ファッションの魅力を「再発見」する 明治・大正・昭和初期の装いを現代的に描く人気イラストレーター・マツオヒロミ

明治時代から昭和初期にかけてのファッションや生活文化に、独自のアレンジや現代的な解釈を加えることで、多くの人々を魅了する作品を生み出している、イラストレーターのマツオヒロミさん。
今年は『マツオヒロミ作品集 万華鏡の庭』(玄光社)を刊行するとともに、2022年に出版した『マガジンロンド』(実業之日本社)が第52回 日本漫画家協会賞「萬画部門」の大賞を受賞し、「『女子文化』の世を香り高く描いた、イラストストーリー+ファッションの歴史+時空を超えたキャラクターの魅力は、どんなジャンルにも収まり切らない『萬画』にふさわしい作品です」と選考委員から高い評価を受けた。
そこで今回、マツオさんにイラストレーターになったきっかけから、イラストレーションにおけるファッションの描き方、そして今後について伺った。

モチーフとしての「着物」

はじめにイラストレーターになったきっかけについて教えてください。
学生時代から独学でイラストや漫画を描いていました。そのなかで、ネット上に発表していた作品を見たクライアントの方から依頼をいただいたのが、イラストレーターへの第一歩でした。

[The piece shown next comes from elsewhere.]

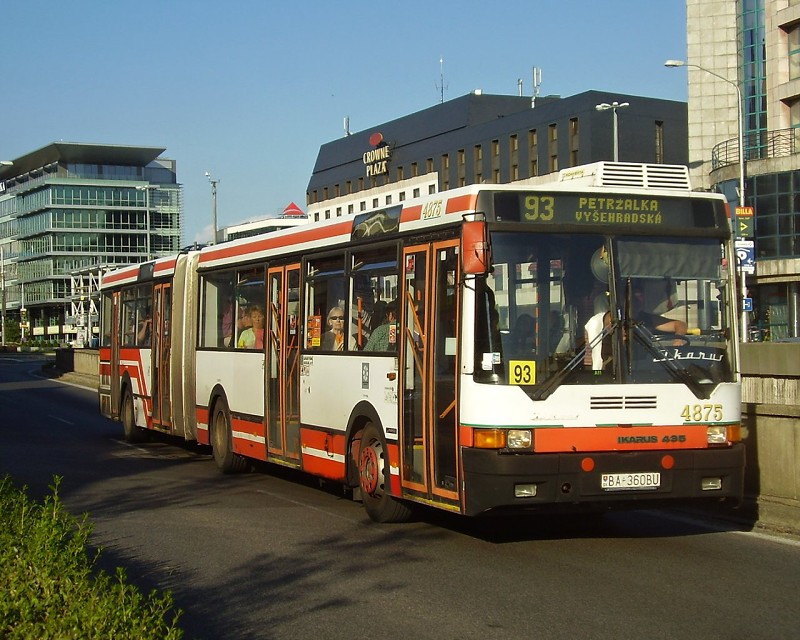 Ikarus 435 #4875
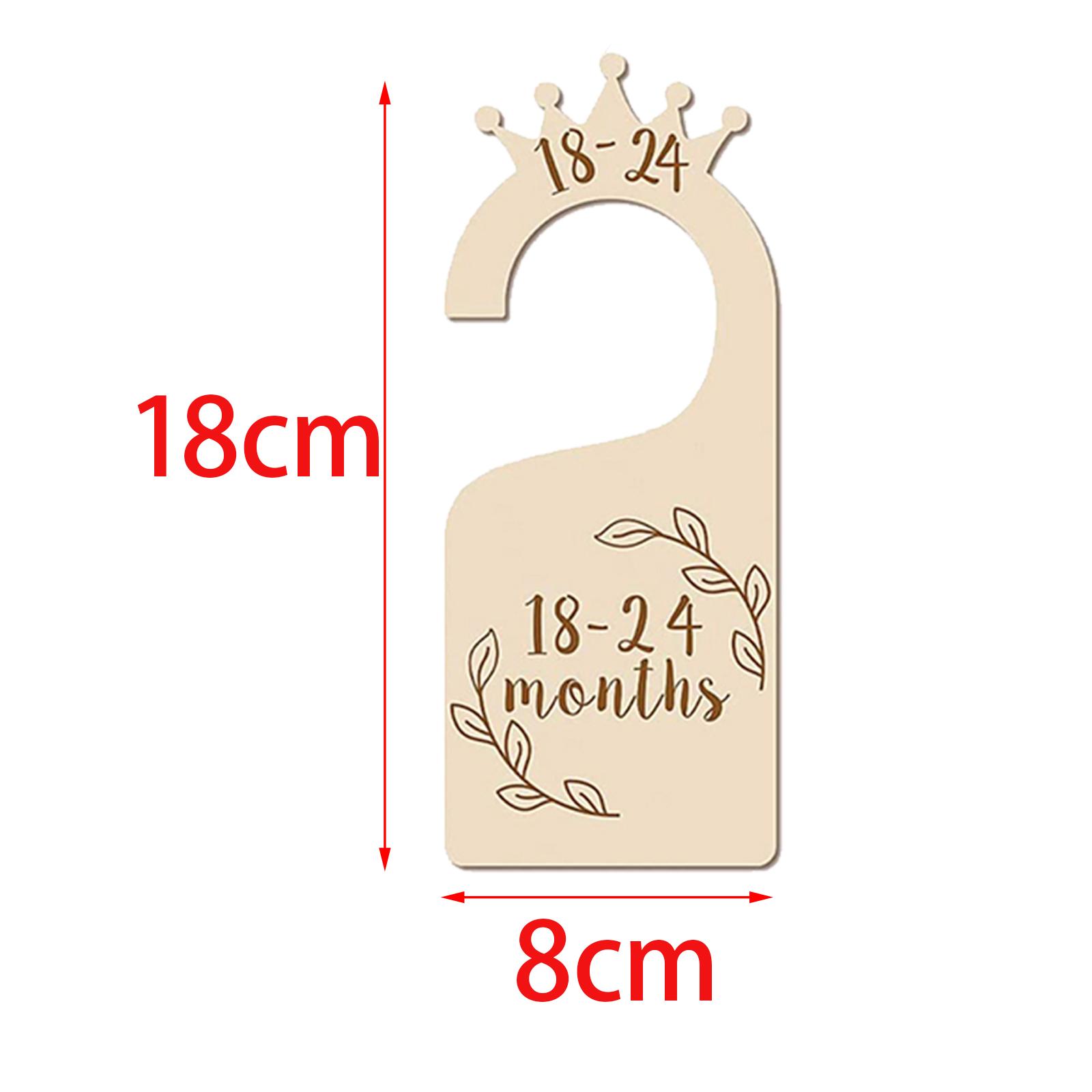 Baby Closet Dividers Wooden Wa - đánh giá và giá Baby Nursery Closet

クライアントワークを手がけながら、自主制作をする中でイラスト作品集を作ってコミックマーケットなどの即売会で発表していました。そうした自主制作の中で、徐々に現在のようなテイストになっていきました。
「秘密」(2016年)
「秘密」(2016年)
マツオさんの作品には着物のモチーフが多く、ご自身も着物が好きで普段から着用されているそうですね。作品とはどのような関係があるのでしょうか。

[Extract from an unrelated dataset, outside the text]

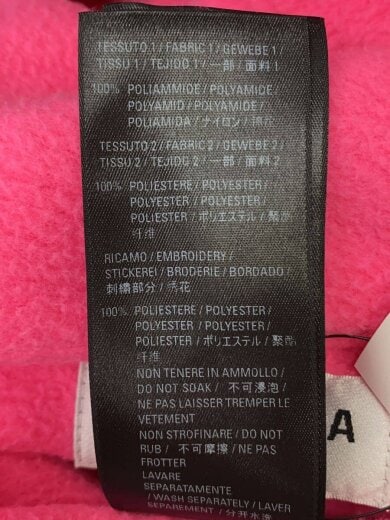 商品画像：SPORTY B REVERSIBLE TRACK JACKET/XXS/ナイロン/BLK/681445 4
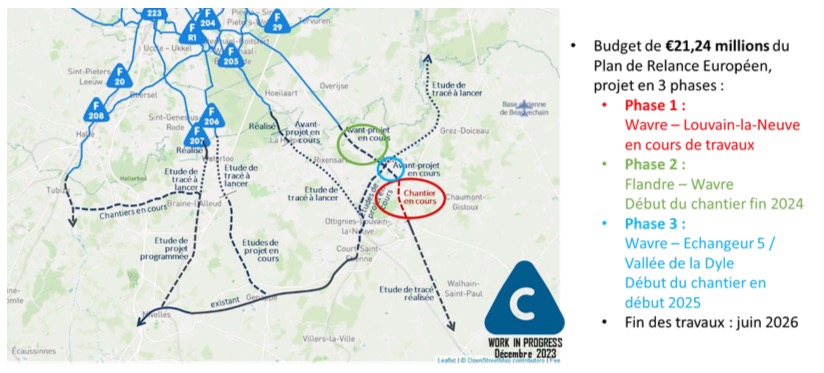 2024 Cyclostrade E411 plan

 着物は自分が着るものとして以前に、子供の頃から時代劇や抒情画など、着物を纏った人々が描かれた作品が好きなこともあって、描かれた衣服としてとても身近でした。いわゆる「着物」に限らず、平安時代や古代史ファンタジー、中華ファンタジーなどが好きな子供だったので、そういう「ファンタジー」文脈で着物に触れて育ってきたように思います。
呉服屋さんの礼装のチラシにはピンと来ませんでしたが、竹久夢二氏、林静一氏、辻村寿三郎氏、特にこの方たちの、人物を物語るような着物姿に影響を受けてきました。
2000〜2010年代中頃にかけて出版された『KIMONO姫』(祥伝社)というムック本との出会いも大きいです。当時、アンティーク着物をリアルクローズとして着る、というのは非常に衝撃的でした。私にとって、それまで着物はフィクションの中における衣服だったのが、20代くらいの人が着るファッションとしてリアリティのある衣服になりました。なので、自分のオリジナルのキャラクターに自然と着物を纏わせるようになりました。
着物をモチーフにする際、どのようなことから着想を得て、デザインが決まるのでしょうか。
日常的に目にするもの、たとえばリビングに飾っている花の色合わせや、たまたま雑誌でみかけた写真などがヒントになっています。
画面構成上のフォルムや色の響きあいを「面白いな」と感じたときに、絵そのものが浮かび、その絵を構成させるために着物をデザインしていると思います。最初に絵があって、それを完成させるために着物を描く、という発想の順番ですね。仕事だと、都合よく日常の中でヒントを得ることは難しいので、よくコラージュを作って、自分で画面構成のヒントを探すようにしています。
古い着物の資料も使用しますが、それは具体的に何を描くか決まってから参考にすることの方が多いかもしれません。特に好きなのは、着物デザイナーでありコレクターでもある、池田重子氏の本です。着物だけでなく、いろんな日本文化にまつわるエピソードや教養が詰まっているので、そういうところからさらに芋づる式に新しいアイディアにつながっていくことがあります。他には自分で買ったアンティーク着物のハギレなども参考にします。